Service director Dave Newman says the charity faced a constant battle to raise funds to provide badly-needed help, with referrals for counselling rising sharply after each lockdown.
The first week of June saw the highest number of new clients for 10 years.
Meanwhile, the charity’s dry house at Brockside in the Grange, is fully booked and two new bedsits are being readied in order to expand capacity.
The States provides about half of the £140,000 running costs each year, while income is derived from the rent charged for rooms at the dry house and charitable donations.
‘We are constantly operating hand-to-mouth,’ Mr Newman said. ‘We have a fantastic facility here but while we’re asset rich, we’re cash poor.

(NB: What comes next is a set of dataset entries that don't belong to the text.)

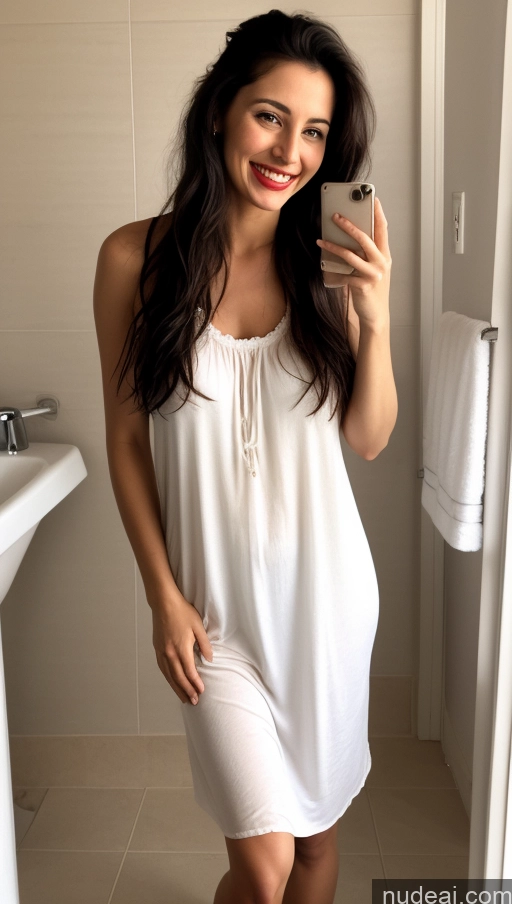 ai nude image of arafed woman in a white dress taking a selfie in a bathroom pics of Woman One Sunglasses Lipstick Small Ass Abs Tall Pubic Hair Fairer Skin 20s Happy Black Hair Indian Front View Messy Perfect Boobs Nightgown Bathroom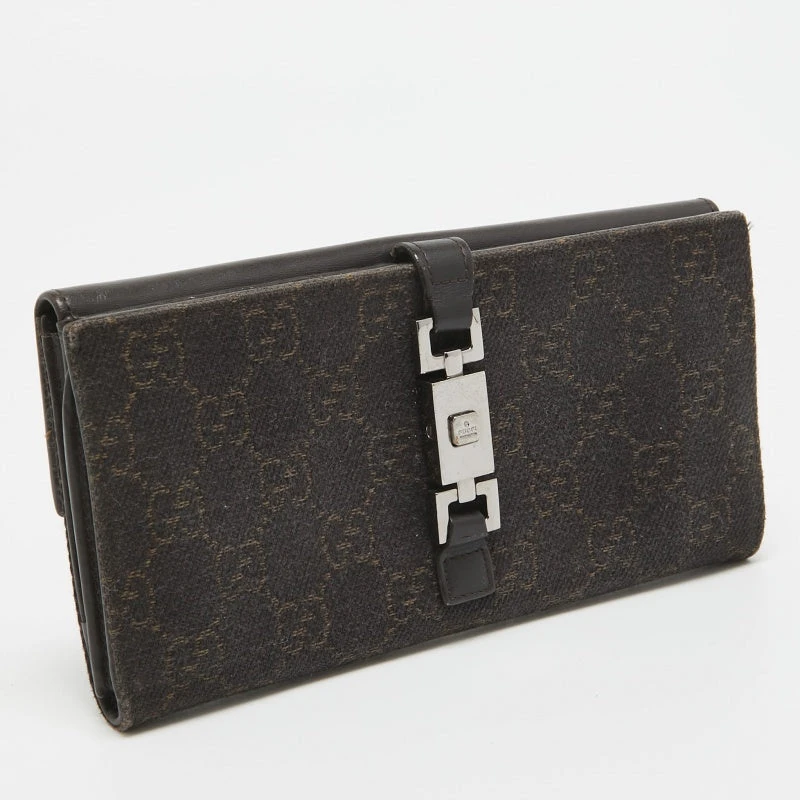 The Luxury Closet GUCCI Dark Brown GG Canvas And Leather Jackie Continental Wallet 6 The Luxury Closet GUCCI Dark Brown GG Canvas And Leather Jackie Continental Wallet - Image 4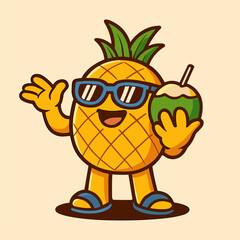 Happy pineapple cartoon mascot with coconut.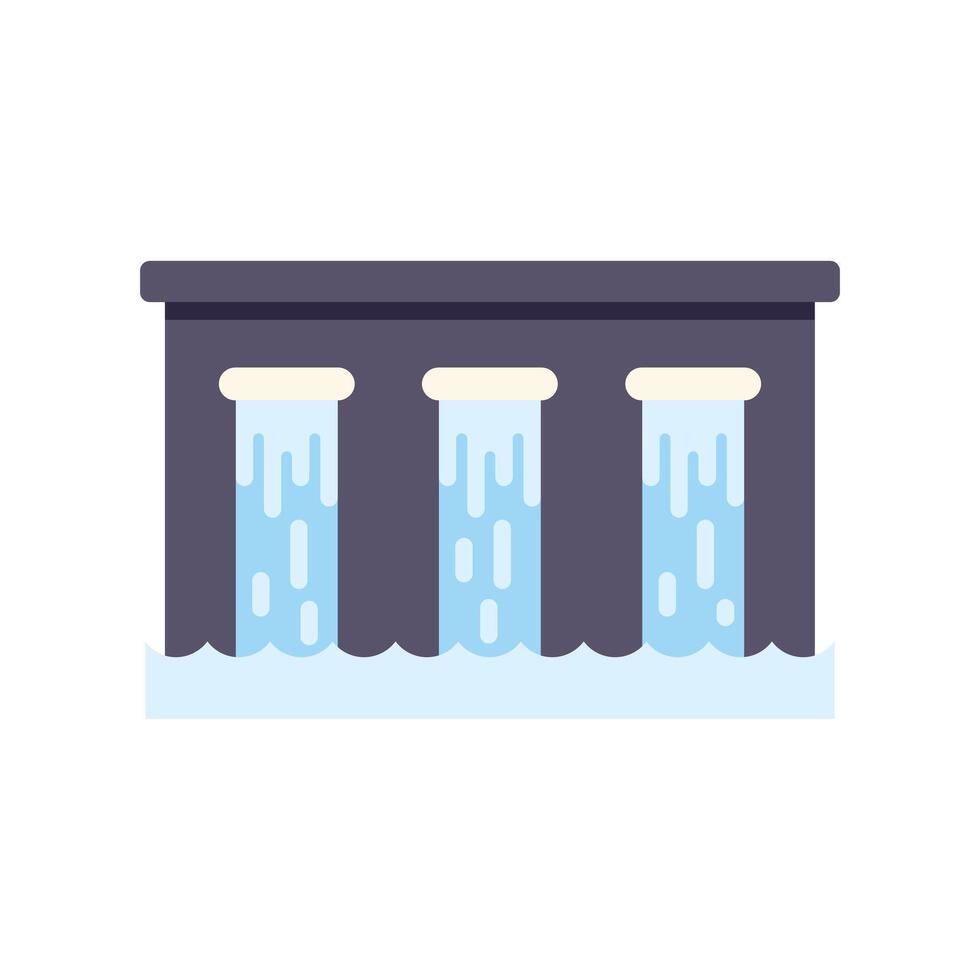 Hydroelectric power plant generating clean energy from water vector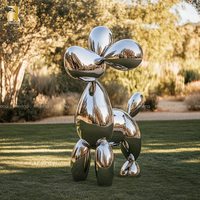 Statues d'animaux en métal au design personnalisé Sculpture de chien en forme de ballon en acier inoxydable à vendre
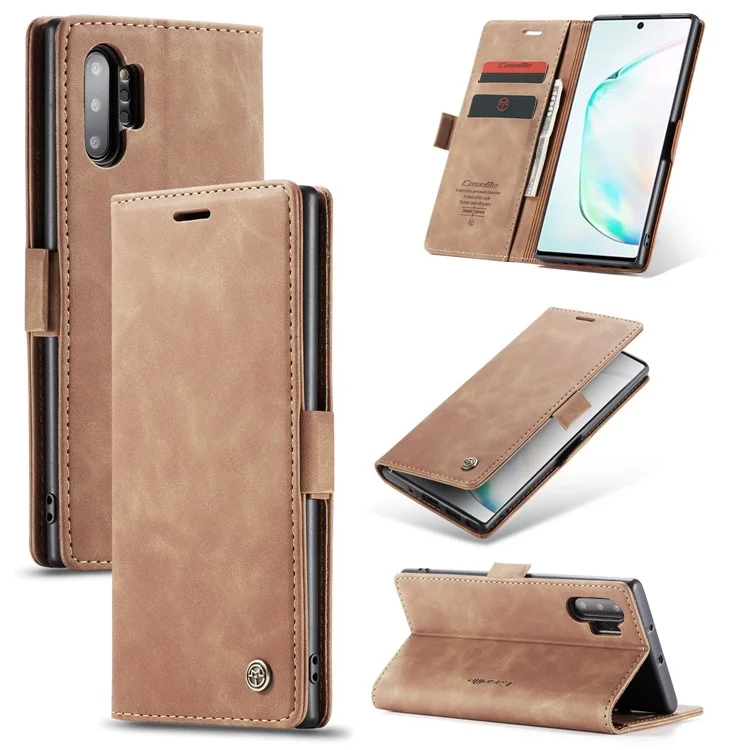 CASEME 013 Series Auto-absorbed Flip Leather Wallet Shell for Samsung Galaxy Note 10 Plus/10 Plus 5G - Black-Cellmalls
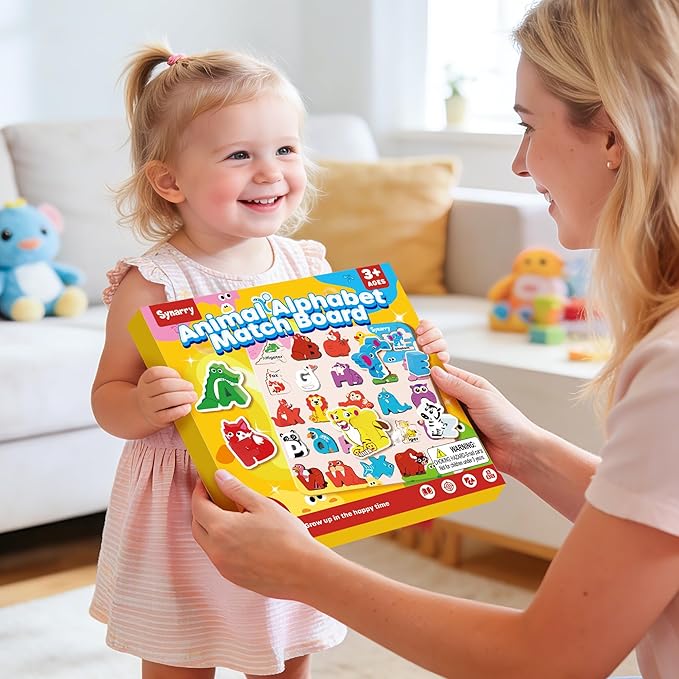 SYNARRY Wooden Alphabet Puzzle, 52 Pieces ABC Puzzles for Kids Ages 3-5, Alphabet ABC Letter Blocks Puzzles for Toddlers 3-5, Animals Letter Matching Preschool Learning Toys, Easter Gifts for Kids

‘I always say, tongue-in-cheek, that the biggest pub landlord, tobacconist and bookmaker on the island is the States of Guernsey, so although they provide valuable funding, there is a huge disparity between what they take in duties and what goes out.’
Most clients attend for face-to-
face counselling, usually in hour-long sessions, and they come from a range of socio-economic backgrounds.
‘We swapped to using social media and FaceTime to provide counselling for our existing clients during lockdown,’ Mr Newman said, ‘but we also saw a big rise in concerned individuals getting in touch during that time. This led to a big rise in referrals after lockdown.
‘Anyone can refer someone, but the person who needs the appointment needs to pick up the phone and make it.’
Mr Newman began his counselling work for the service in 1993, when he arrived with a background in psychiatric nursing.
During the 1990s, he said, 80% of clients were men.
However, by the 2000s, the ratio was 50-50.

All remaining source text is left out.